Located in Harper Woods on Harper Avenue, this was the first drive-in to open in the Detroit area. It opened as the Drive-In on May 26, 1938. The movie on opening night was “The Big Broadcast of 1938” with W. C. Fields. It had a capacity for 675 cars. Later renamed East Side Drive-In, it was operated for many years by General Cinema Corporation. It was later part of the Wisper & Wetsman chain Car capacity in later years is listed at 970. In the 1970’s it was showing adult movies.

The East Side Drive-In closed around 1977 and was demolished a year later. The West Side Drive-In located in Oak Park (also long gone) was a sister theatre to the East Side Drive-In.

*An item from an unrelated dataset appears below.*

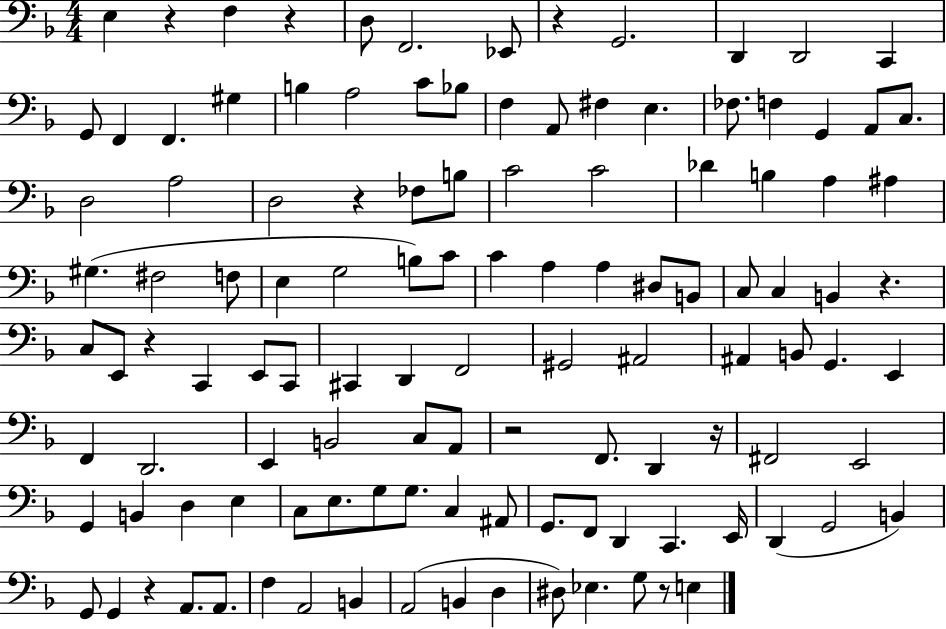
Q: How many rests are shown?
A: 10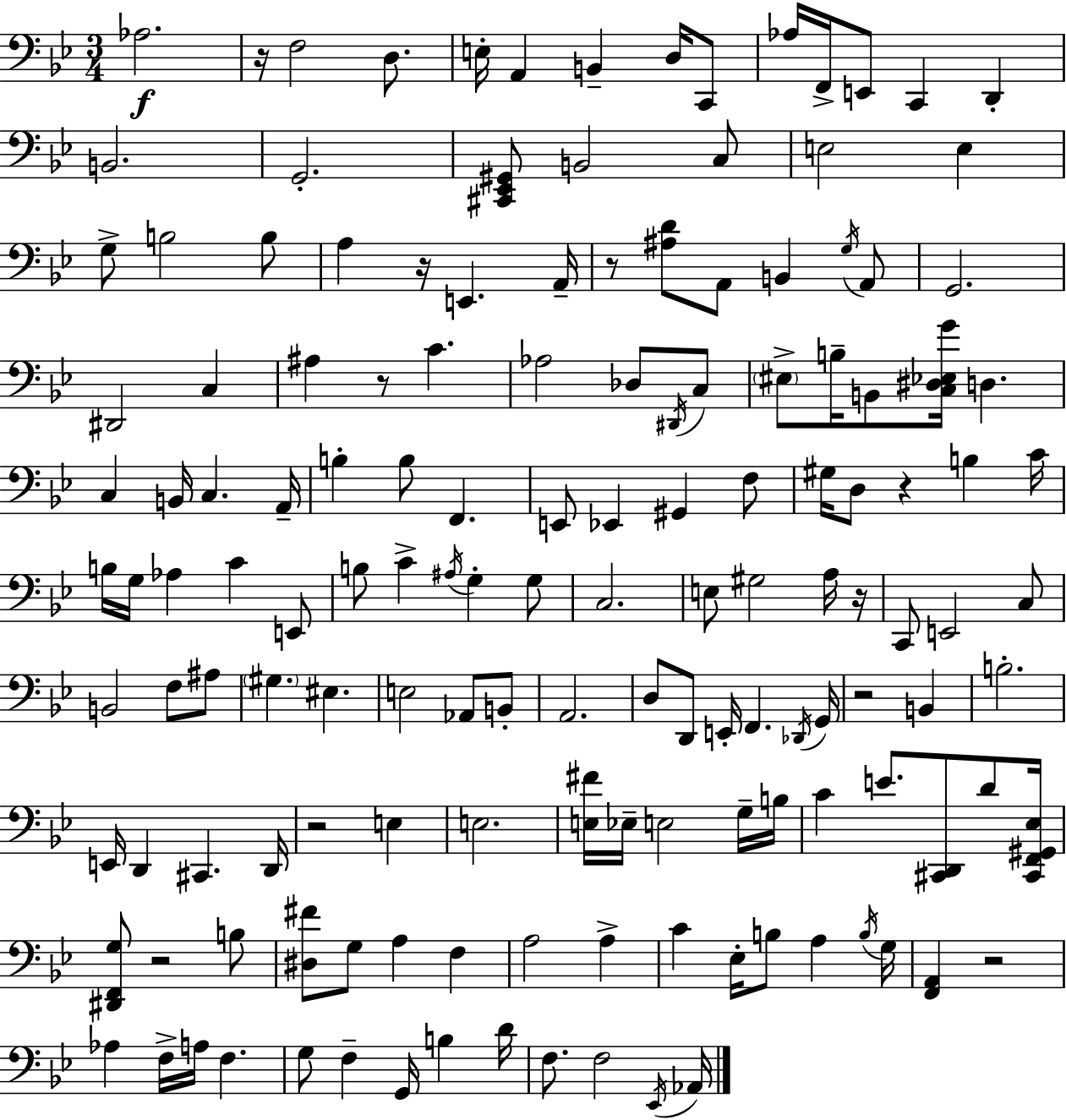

Contributed by Lost Memory

Recent comments (view all 5 comments)

DavidZornig
DavidZornig on September 26, 2015 at 8:42 am

Grand Opening print ad added courtesy of Christeen Landino.

davidcoppock
davidcoppock on March 16, 2019 at 10:01 pm

Site is now a hotel(Parkhurst Inn). There is a light pole with two lights on top in a small carpark behind Parkhurst Inn, that might be from the drive-in?

MichaelKilgore
MichaelKilgore on September 18, 2019 at 7:29 am

In a fun article in the Feb. 5, 1949 issue of Boxoffice, titled “Drive-Ins as the Projectionist Sees Them,” Don Kennedy described an occasional problem at the East Side.

“Screen visibility has another enemy – the moonbeams. My advice is to never place a screen so that it faces toward the southeast. (If you are going to build in South America, I guess the position is just the opposite.) We found that out at the East Side Drive-In in Detroit, which faces in just about that position. When the moon is in its full period, conditions are worst. On a clear night it will hit the side of the screen structure as it rises, throwing deep shadows and then as it moves around to a more direct view of the screen, the light may become intense enough to cut down visibility and clarity of the picture on the screen.”

Kenmore
Kenmore on February 16, 2022 at 9:28 am

I see no evidence of a light pole with two lights near the carpark of the Park Place of Harper Woods that would date back to the 1970s. By 1983, most of the property was redeveloped. By 1999, all traces of the drive in were gone.

About the only thing that may have existed when the drive in was operation that still remains is the telephone poles that run along the SW edge of the property.